Source data:
*-*-*

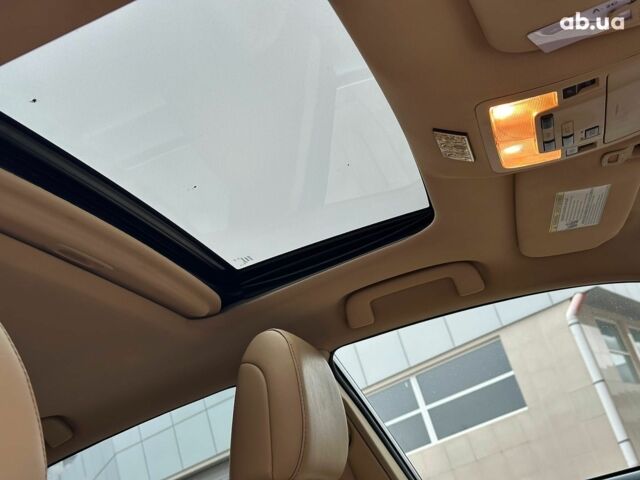 Білий Тойота Авалон, об'ємом двигуна 2.5 л та пробігом 259 тис. км за 14990 $, фото 28 на Automoto.ua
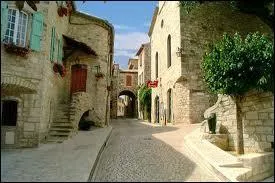 Je promne  Vznobres (Gard), une commune de la rgion ...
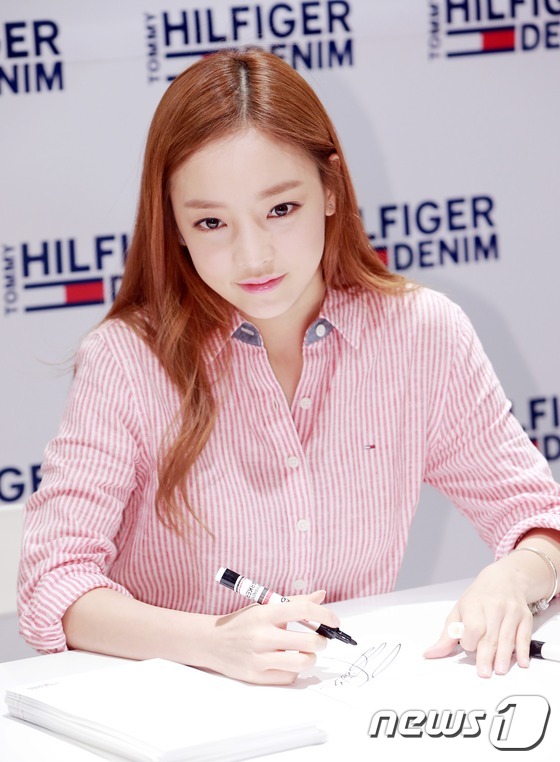 (서울=뉴스1) = 카라 구하라가 9일 오후 서울 송파구 잠실 롯데백화점 타미힐피거 매장에서 진행된 팬사인회에서 사인을 하고 있다. 2015.4.9 스타뉴스/뉴스1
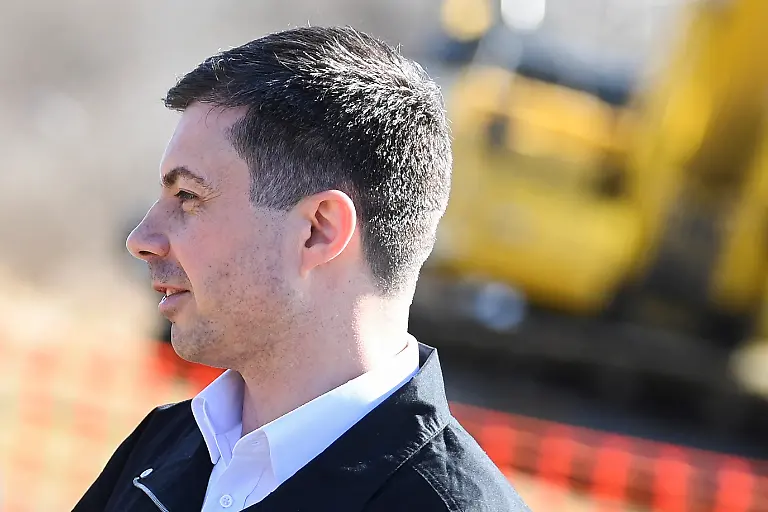 2023-02-23T181223Z-1040747143-RC24HZ9KPES5-RTRMADP-3-USA-OHIO-TRAIN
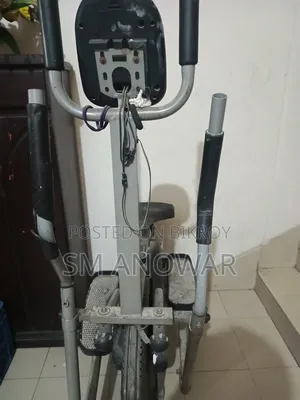 Cross trainer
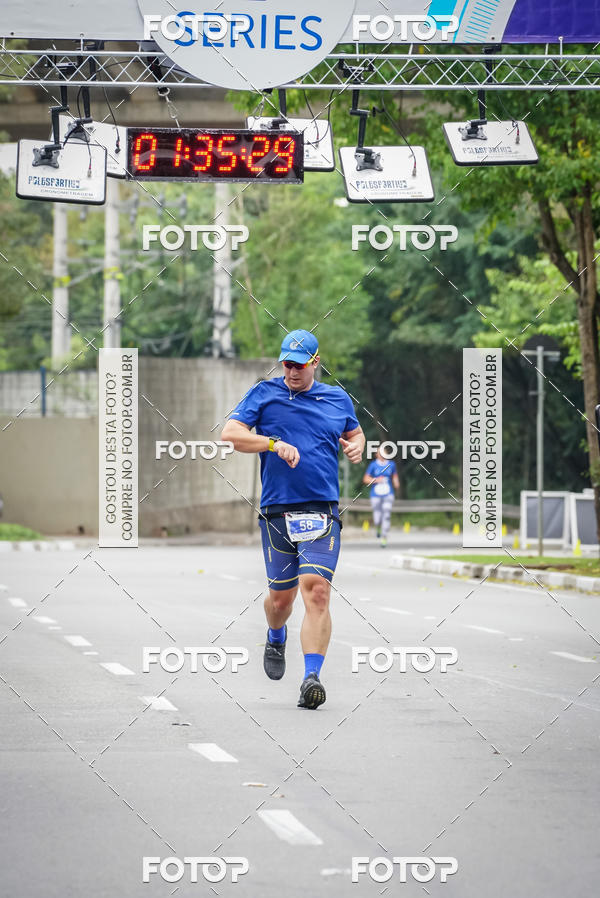 Buy your photos of the eventVSERIES Duathlon & Running on Fotop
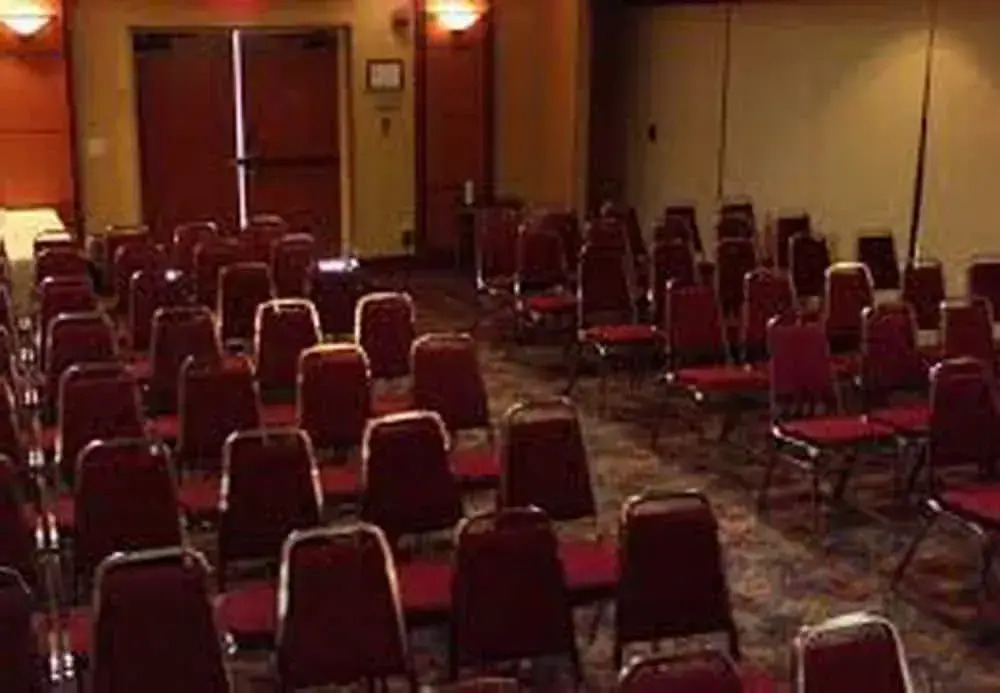 Hudson Valley Hotel And Conference Center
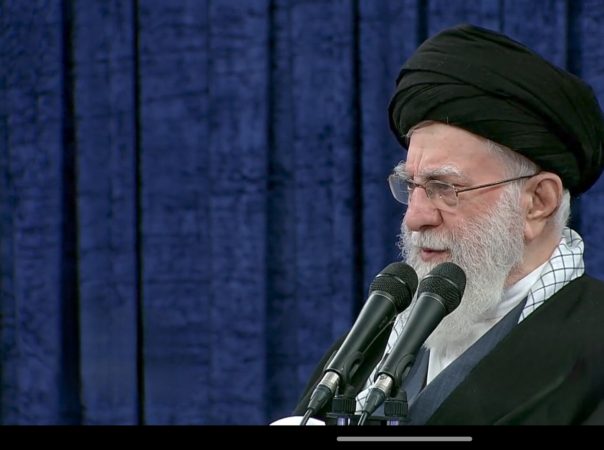 رهبر انقلاب: «کودتای دی‌ماه» زیر پای ملت له شد / آمریکا طاقت یک سیلی واقعی را ندارد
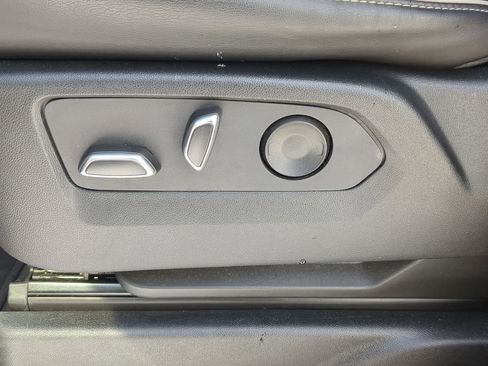 Used 2023 Cadillac Escalade ESV Premium Luxury image 23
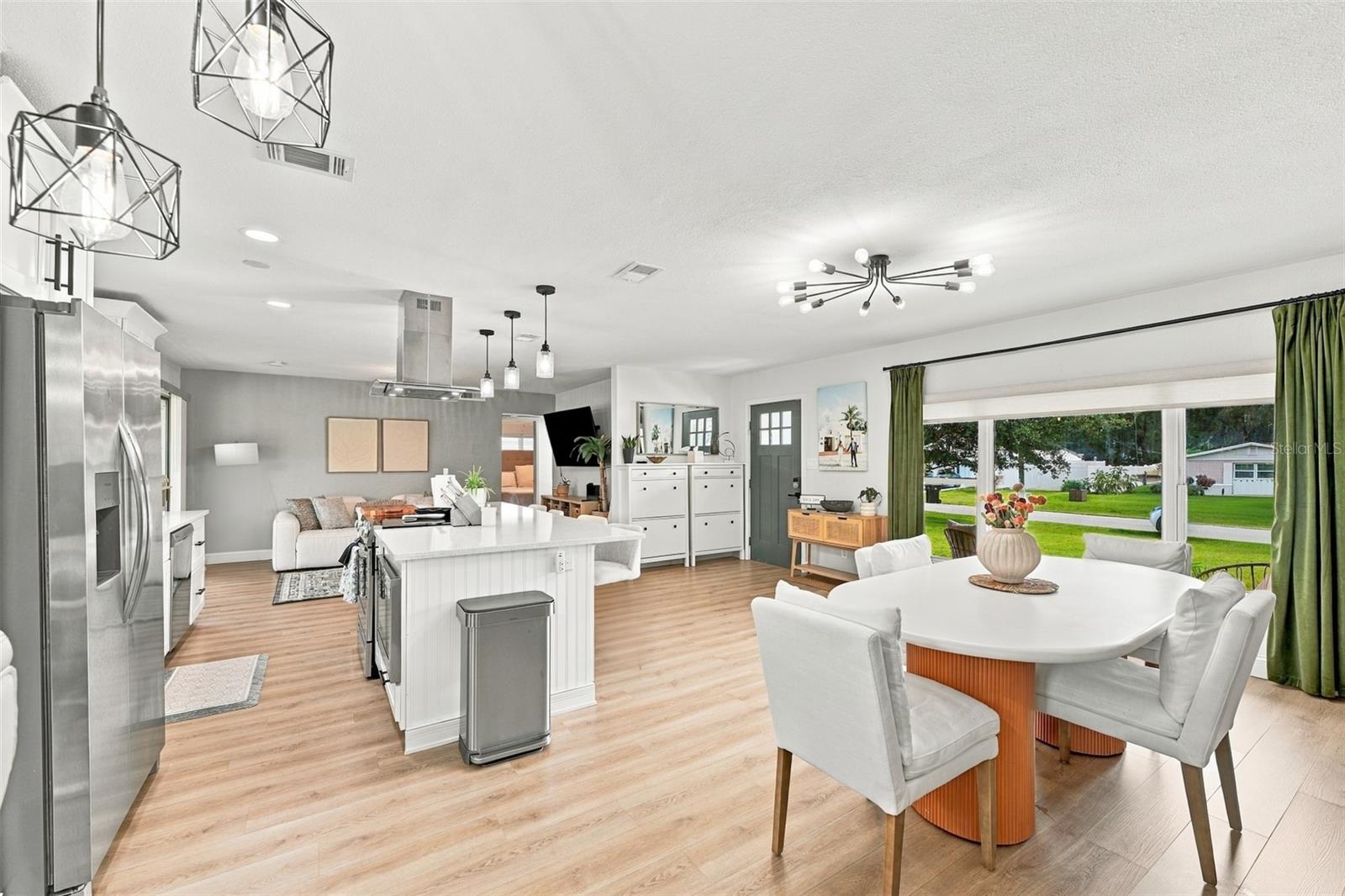 125 SIOBHAN AVE — photo 22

*-*-*

# Task prompt
Give the entries above again word for word, without any pictures.

# Exercise result
 Білий Тойота Авалон, об'ємом двигуна 2.5 л та пробігом 259 тис. км за 14990 $, фото 28 на Automoto.ua
 Je promne  Vznobres (Gard), une commune de la rgion ...
 (서울=뉴스1) = 카라 구하라가 9일 오후 서울 송파구 잠실 롯데백화점 타미힐피거 매장에서 진행된 팬사인회에서 사인을 하고 있다. 2015.4.9 스타뉴스/뉴스1
 2023-02-23T181223Z-1040747143-RC24HZ9KPES5-RTRMADP-3-USA-OHIO-TRAIN
 Cross trainer
 Buy your photos of the eventVSERIES Duathlon & Running on Fotop
 Hudson Valley Hotel And Conference Center
 رهبر انقلاب: «کودتای دی‌ماه» زیر پای ملت له شد / آمریکا طاقت یک سیلی واقعی را ندارد
 Used 2023 Cadillac Escalade ESV Premium Luxury image 23
 125 SIOBHAN AVE — photo 22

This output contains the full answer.